On 10 August, 2025, Israel intentionally murdered six journalists: Anas al-Sharif, Mohammed Qreiqeh, Ibrahim Zaher, and Mohammed Noufal, from Al Jazeera, and the freelancers Moamen Aliwa and Mohammed al-Khaldi. They were working in a tent used by journalists in the area, just outside al-Shifa hospital in Gaza City. The following day, Israel attacked Nasser Hospital in Khan Younis, killing 21 people, including 5 journalists.

Anas al-Sharif. Photo by Dawoud Abu Alkas/Reuters.

All of the four Al Jazeera journalists murdered on August 10 were from Gaza, three were born in refugee camps, and at least three of them had immediate family members—mothers, fathers, and brothers—killed by Israeli forces in the ongoing war. The Israeli military admitted it intentionally targeted the journalists in order to kill Anas al-Sharif. Al-Sharif was a well known, tireless journalist, but the IDF claimed he was the leader of a Hamas brigade. They promised they had indisputable evidence of their claim. Media all over the world repeated Israel’s claim, even though no one saw the supposed evidence. And even though Israel has been caught lying on a daily basis throughout this war.

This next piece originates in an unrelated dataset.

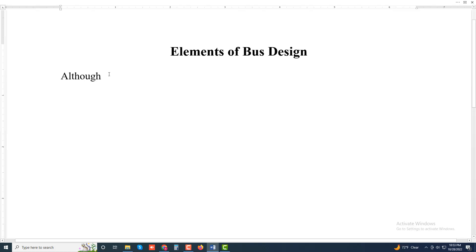Assalamu alaikum, welcome to my another new video. Today I will discuss about elements of bus design.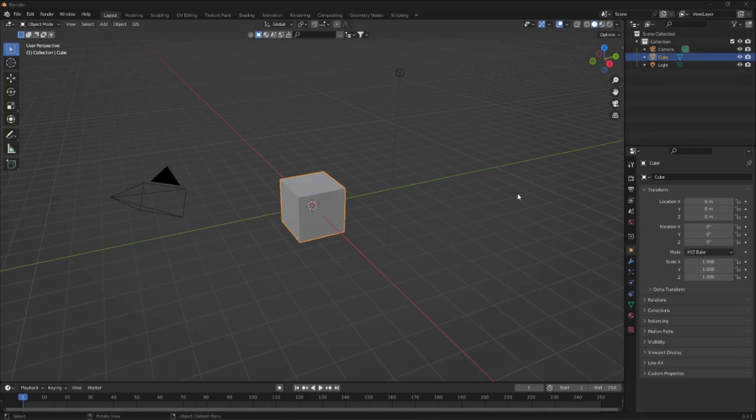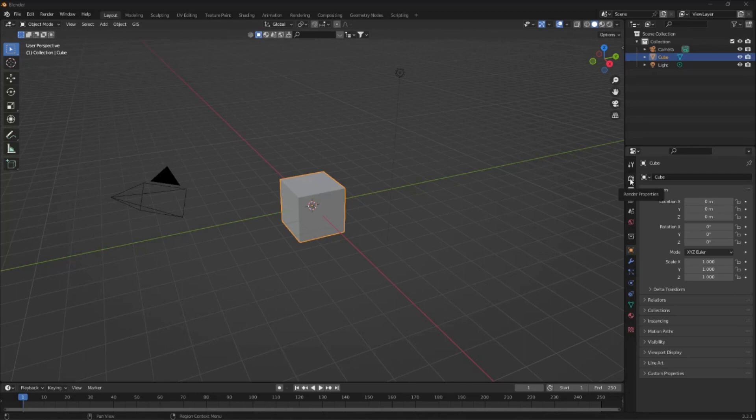Welcome to this short tutorial on how to create an image with full transparency in Blender. So the first step is to go over to the right and into the render properties tab.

Far beyond this one war, government sources tend to be the most common sources quoted by the media. They are also frequently dishonest, inaccurate, or meaninglessly ambiguous: if government spokespeople say anything factual and true it’s when telling part of the truth happens to coincide with their interests. Governments at war see the media as a weapon and they use media to spread their propaganda.

It seems unethical, to put it lightly, for journalists to quote sources like the US or Israeli governments without letting their readers know these are not credible sources. It also seems to fly in the face of journalism’s ostensible purpose when they spread information that is demonstrably false, or spread a truth and a lie as two competing opinions, as though it were impossible to do the research and find out which version is more accurate.

Do we believe the version of the truth spread by these human rights organizations, or do we prefer the US government’s version of the truth? You choose! With the mainstream media’s approach to truth and credibility, the reality you build for yourself is just a lifestyle choice in the marketplace of ideas, slowly sliding towards a loyalty test between one mainstream political current and another.